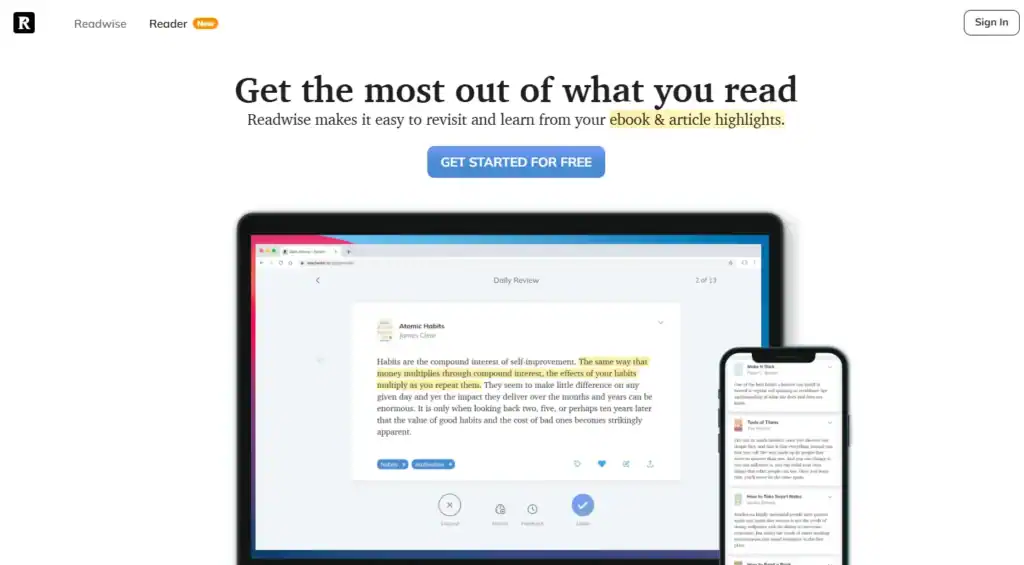 Readwise interface screenshot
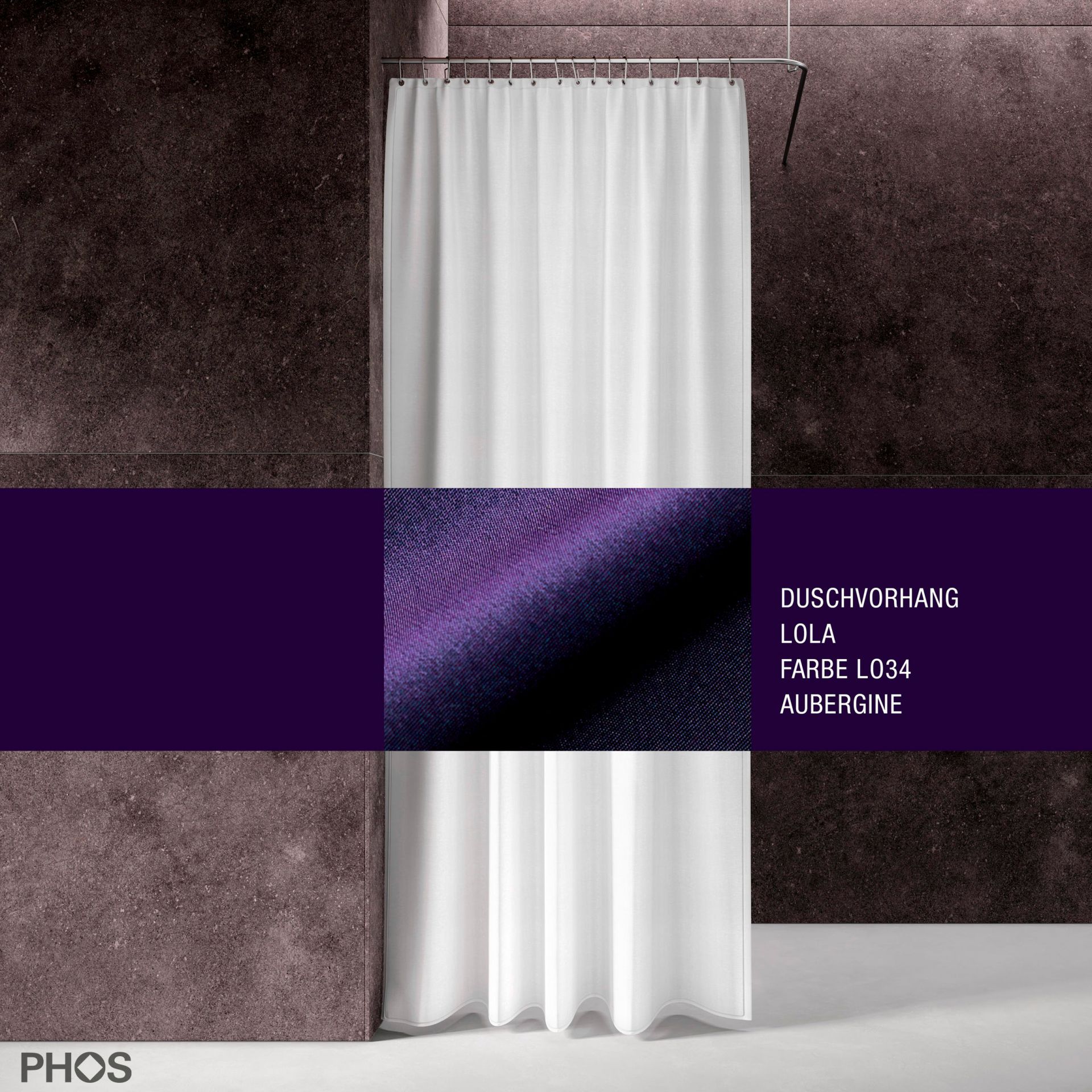 DV-LOLA200-120-LO34 Занавеска для душа лола, длина 200 см, ширина 120 см. баклажан. PHOS 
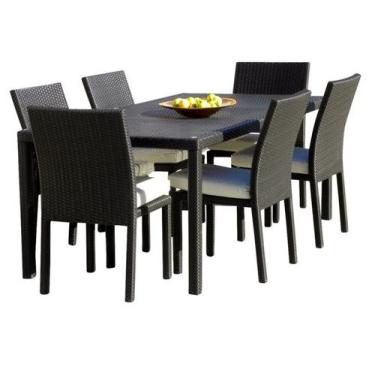 Imagem de Mesa retangular com 6 cadeiras para sala e cozinha, alumínio e junco s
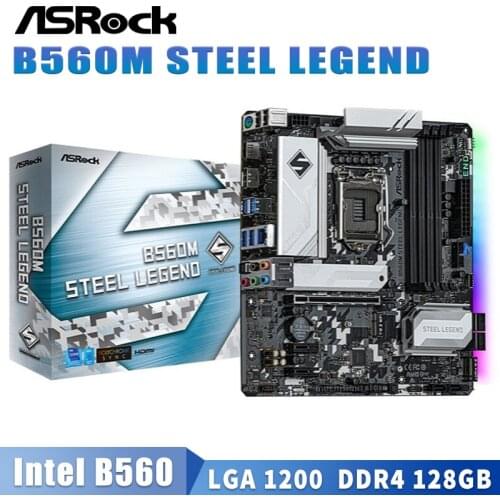 ASROCK B560M STEEL LEGEND Motherboard LGA 1200 DDR4 128GB Turbo Boost Max 3.0 Support 10th/11th-Gen Cpu Desktop B560 Placa-Mãe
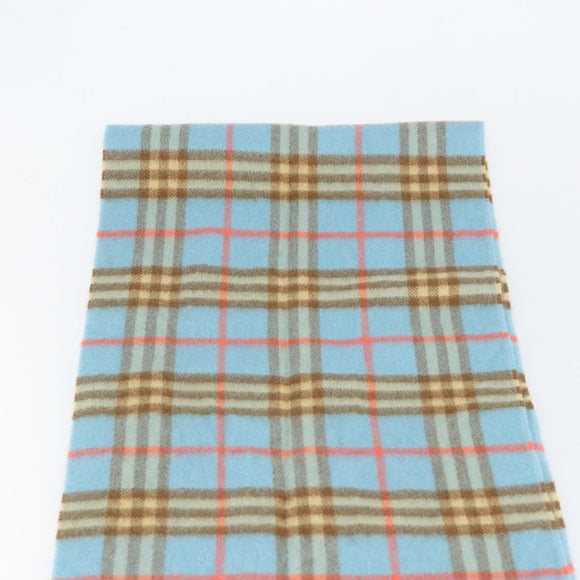 Burberrys Nova Check Scarf Cashmere Light Blue Auth am10659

**Required work:**
In the records, the line containing "Imagem de Mesa" starts the span and the final line ends it. Output exactly that span, both ends included, with no pictures and nothing else.

**Result of the task:**
 Imagem de Mesa retangular com 6 cadeiras para sala e cozinha, alumínio e junco s
 ASROCK B560M STEEL LEGEND Motherboard LGA 1200 DDR4 128GB Turbo Boost Max 3.0 Support 10th/11th-Gen Cpu Desktop B560 Placa-Mãe
 Burberrys Nova Check Scarf Cashmere Light Blue Auth am10659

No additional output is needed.